O nome oficial era "curso básico de mecânica", mas para as 28 mulheres que se inscreveram, as três horas do treinamento têm outro significado: autonomia. Oferecida de graça pela Empresa Pública de Transporte e Circulação (EPTC), a ação é realizada pela segunda vez — a primeira ocorreu em março, em comemoração ao Dia da Mulher. Para Fabiana Kruse, coordenadora de Educação para Mobilidade da EPTC, é uma forma de assumir espaços.
— É um jeito de colocar a mulher no controle, não só na hora de dirigir, mas para que ela entenda mais sobre seu papel no trânsito, no carro, até na cidade. É para empoderar, sim _ explica Fabiana. — Existe o mito de que mulher não vai entender dessas coisas e a gente pode ficar insegura.
O cenário narrado pela coordenadora também aparece na fala de quem participa do curso. Oficinas e borracharias ainda são espaços geralmente ocupados por homens, e relatos de momentos em que elas se sentiram enganadas aparecem na boca da maioria das presentes.
— Uma vez, comprei um presente pra um sobrinho que mostrava maios ou menos as engrenagens de um carro. Claro que era um brinquedo, mas vinha com ferramentas pra trocar as rodas, mexer nas peças. Ele tinha seis anos e pôde ter uma base sobre isso. Se fosse uma menina, ia acabar ganhando bonecas ou algo relacionado à casa. A gente condiciona as coisas — conta a aluna Ivelise Menezes.
Sonda lambda, válvula canister, arrefecimento não são palavras novas, mas podem causar confusão e fazer um problema simples parecer complexo. Depois de quase duas horas de explicações teóricas, a turma se dirigiu ao estacionamento, onde pôde esclarecer as questões na prática. Foi o momento para que elas colocassem a mão na massa: mexeram nos pneus, ouviram sobre calibragem, funcionamento do motor, lubrificação, economia de gasolina e prazos para manutenção de cada engrenagem do veículo.
Durante a aula, também houve espaço para quebrar mitos. A ideia de que trocar pneu, por exemplo, "pode ser uma grande dificuldade pras mulheres", trazida por um instrutor desavisado, não passou batida.
— Mas e se for um homem pequeninho? Também vai ter que fazer força, não tem a ver. É só mais uma barreira, junto de tantas outras, que nos colocam — defende a jornalista Paula Moizes.
Na visão dela, as aulas se tornam mais acolhedoras quando são restritas às mulheres. Ciclista, ela tem carro, mas utiliza mais a magrela. Vê no curso de mecânica uma forma de buscar conhecimento, entender melhor o trânsito e buscar mais autonomia.
— Nesse meio, a gente precisa mostrar que sabe alguma coisa pra ganhar respeito.
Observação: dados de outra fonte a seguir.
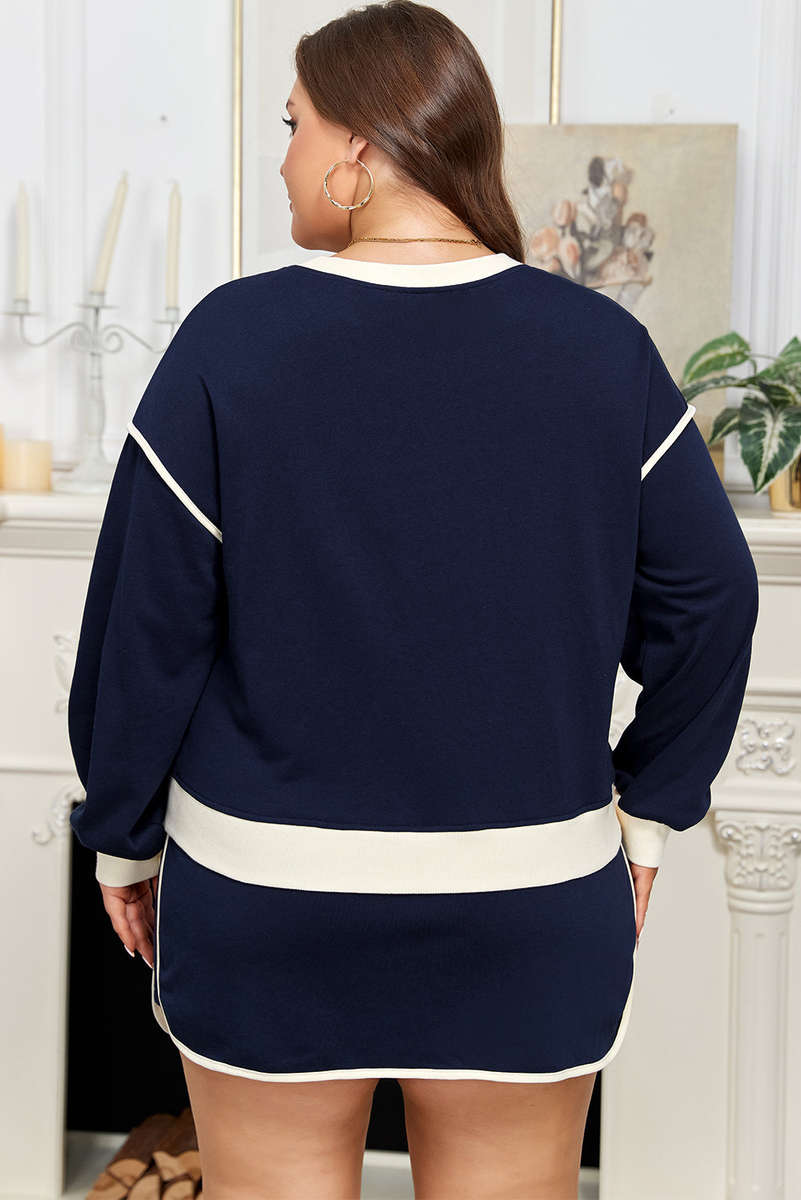 Navy Blue Plus Color Block Drop Shoulder Top and Lace-up Skirt Outfit
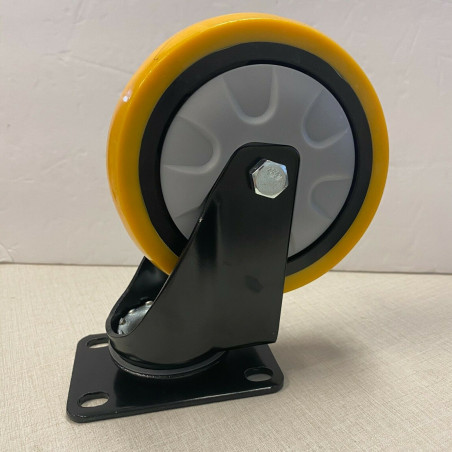 3 Inch Caster Wheels Swivel Plate Total Lock Brake On Yellow Polyurethane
Isso é uma questão de gênero. Então é ótimo que a gente seja chamada para esses espaços, para esses debates — defende.
Com habilitação desde 1985, Suani Pires nasceu em meio a debates sobre carros. Valor passado através de gerações, ela lembra da avó, nascida em 1919, também habilitada, que adorava dirigir.
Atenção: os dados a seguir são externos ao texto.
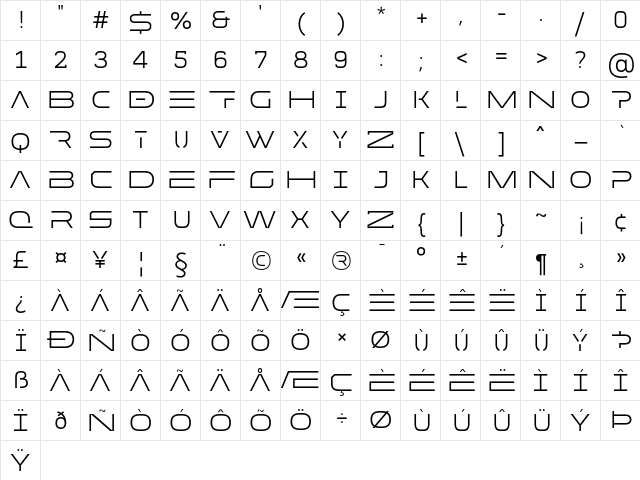 MADE Future X HEADER Light  glyph index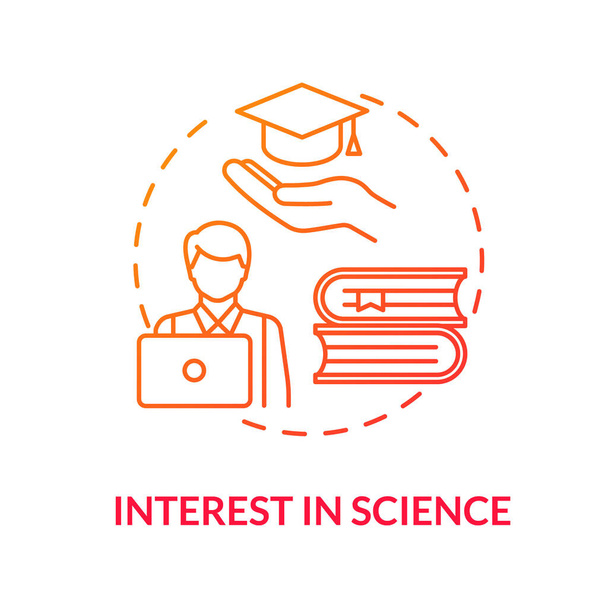 Interest in science red concept icon. Student curiosity in studying. Academic education in college. Scientific literacy idea thin line illustration. Vector isolated outline RGB color drawing - Vector, Image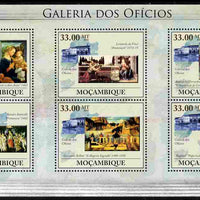 Mozambique 2010 The Uffizi Gallery, Florence perf sheetlet containing 6 values unmounted mint, Yvert 3266-71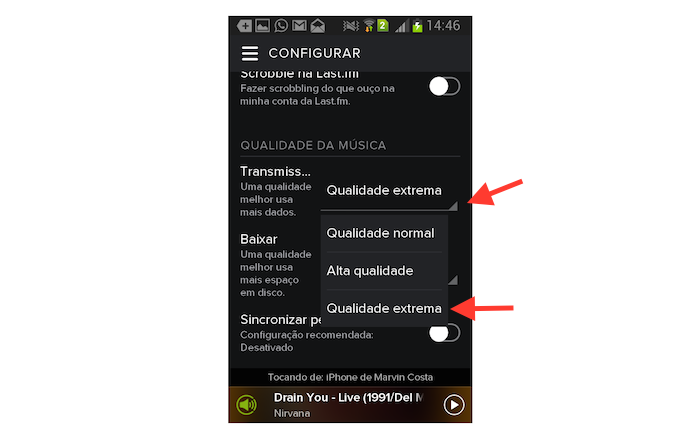 Ativando a qualidade extrema de transmissão de áudio no Spotify para Android (Foto: Reprodução/Marvin Costa)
— No interior, quando a gente ainda podia correr, as minhas irmãs e amigas competiam de igual para igual com os meninos — afirma.
Mas nem só de borracharia se faz o curso. A troca de experiências entre as presentes também reflete no conhecimento adquirido. As azulzinhas Katia da Cruz e Tatiane Fontoura contam sobre abordagens que realizaram ao longo do trabalho. Em mais de um momento, ambas precisaram acionar colegas ou mesmo a Brigada Militar para conter situações em que se sentiram desrespeitadas por serem mulheres.
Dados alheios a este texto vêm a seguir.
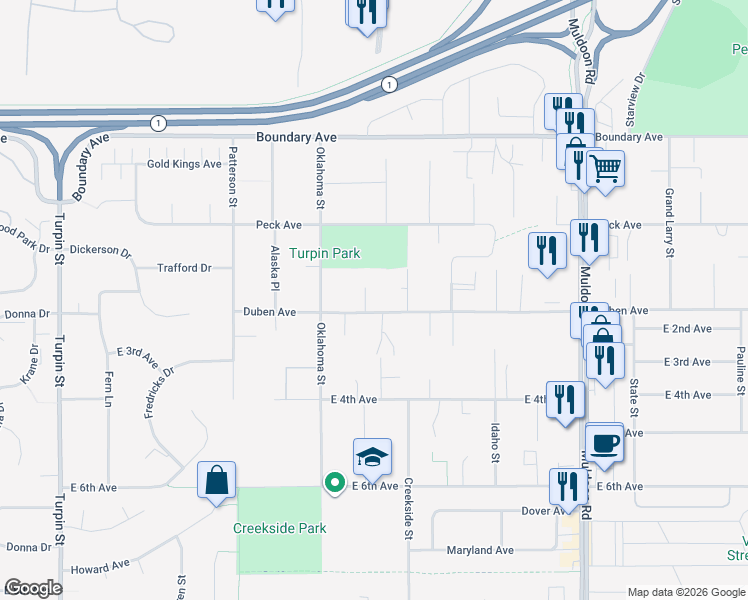 map of restaurants, bars, coffee shops, grocery stores, and more near 260 Creekside Street in Anchorage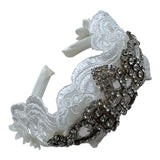Les Gamins Cerchietto Tinta Unita con Brillantini per Bambina LG707014 BIANCO LES GAMINS 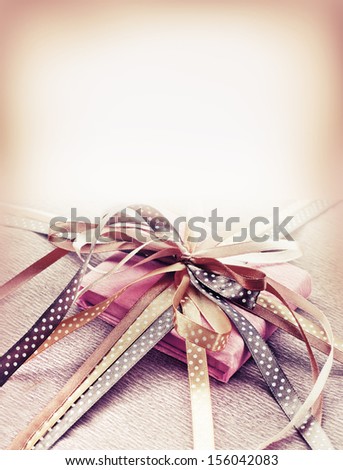 Present,gift in vintage style/Vintage holiday background/Valentines day background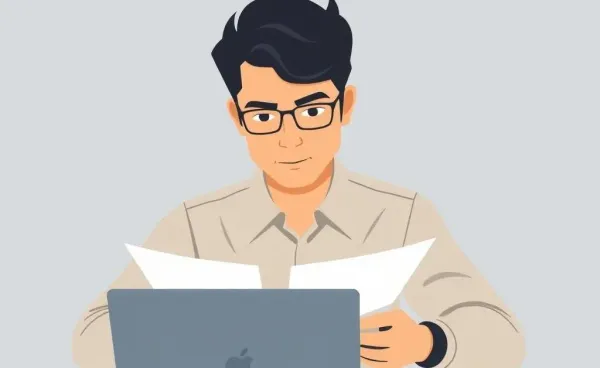 A professional reviewing notes at a desk, focused on improvement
— Uma vez, precisei chamar a polícia e fazer um boletim, porque um motociclista tentou dar um tapa no meu braço pra derrubar o talão de multas. Fora as ofensas verbais, claro.
Tatiane, que trabalhou como fiscal por pelo menos quatro anos nas ruas da Capital, impressionou alunas ao relatar situações pessoais.
— Agressão verbal é todo dia. Mandam ir lavar roupa, dizem não entender porque tem mulheres fazendo esse trabalho, falam que estamos aqui por "estarmos com falta de homem". Ainda hoje, existem homens que não entendem ou aceitam a presença de mulheres no mercado de trabalho.
A dica, na visão das agentes, é mesmo buscar o conhecimento.
— Sempre que preciso mandar o carro pro mecânico, já passo um diagnóstico. Digo: "está acontecendo tal coisa e acho que o problema é tal. Pode verificar?" — explica Tatiane.
Na visão da fiscal, é importante saber do que se está falando, e o curso é uma ferramenta que pode ajudar nisso.
— Isso nos torna mais independentes e nos dá mais força pra continuar lutando, Mas é claro que a gente deve ser respeitada simplesmente por ser uma pessoa, não por entender ou não de algum assunto — lembra Paula.